Segment Open

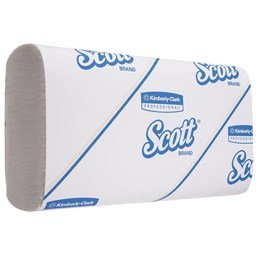 Bild von Scott® Slimfold Handtücher 1-lagig - f. Handtuchspender Modell 6904, 1.760 Tüche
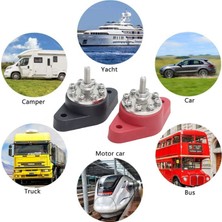 MELLİFERA Tekne Karavan Yat Kamyon Için Terminal Bara Takımı 150 Amper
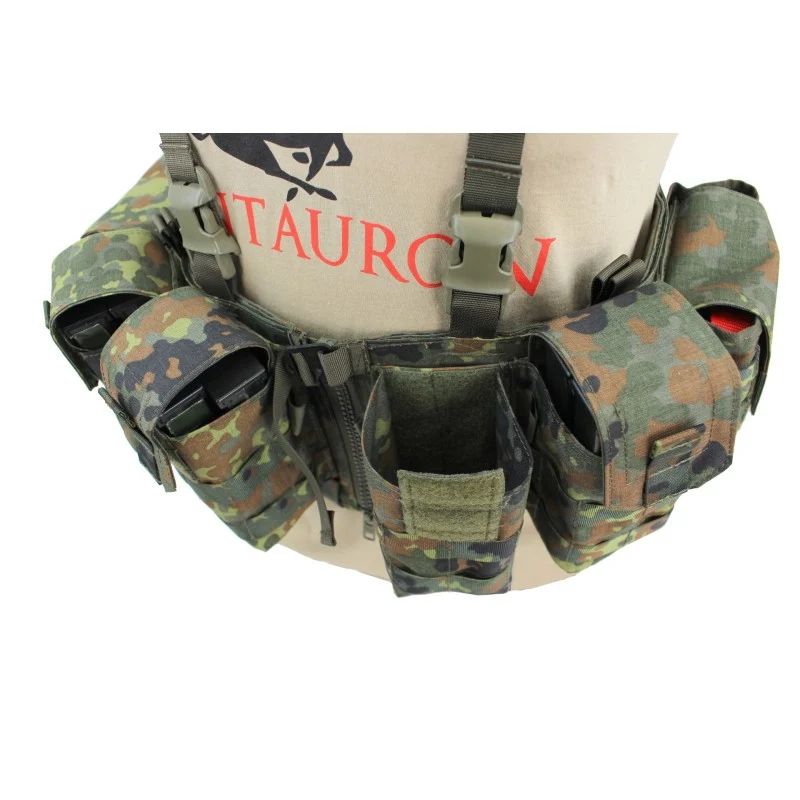 Nonmodularer Split Front Chest Rig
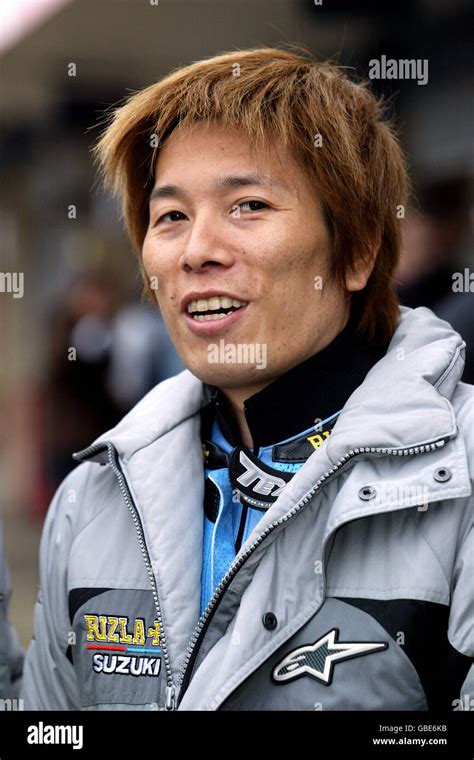 Motorcycling - British Superbikes - Donington Park. Japan's Yukio ...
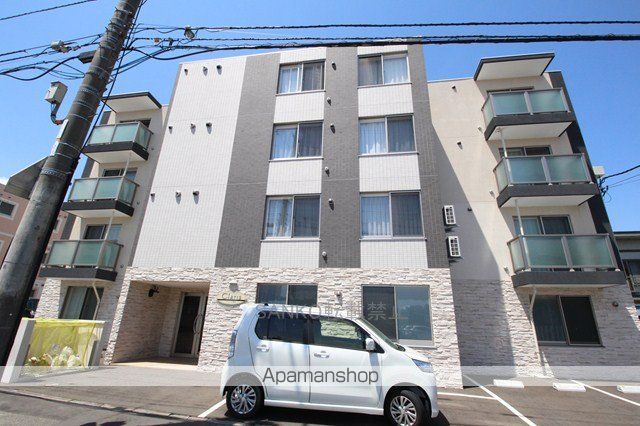 クラリス月寒西の外観写真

Segment Closed

The lines to retype run from the one containing "MELLİFERA Tekne Karavan" through the last line of the records above; write them exactly and skip the pictures.

● Exercise answer:
 MELLİFERA Tekne Karavan Yat Kamyon Için Terminal Bara Takımı 150 Amper
 Nonmodularer Split Front Chest Rig
 Motorcycling - British Superbikes - Donington Park. Japan's Yukio ...
 クラリス月寒西の外観写真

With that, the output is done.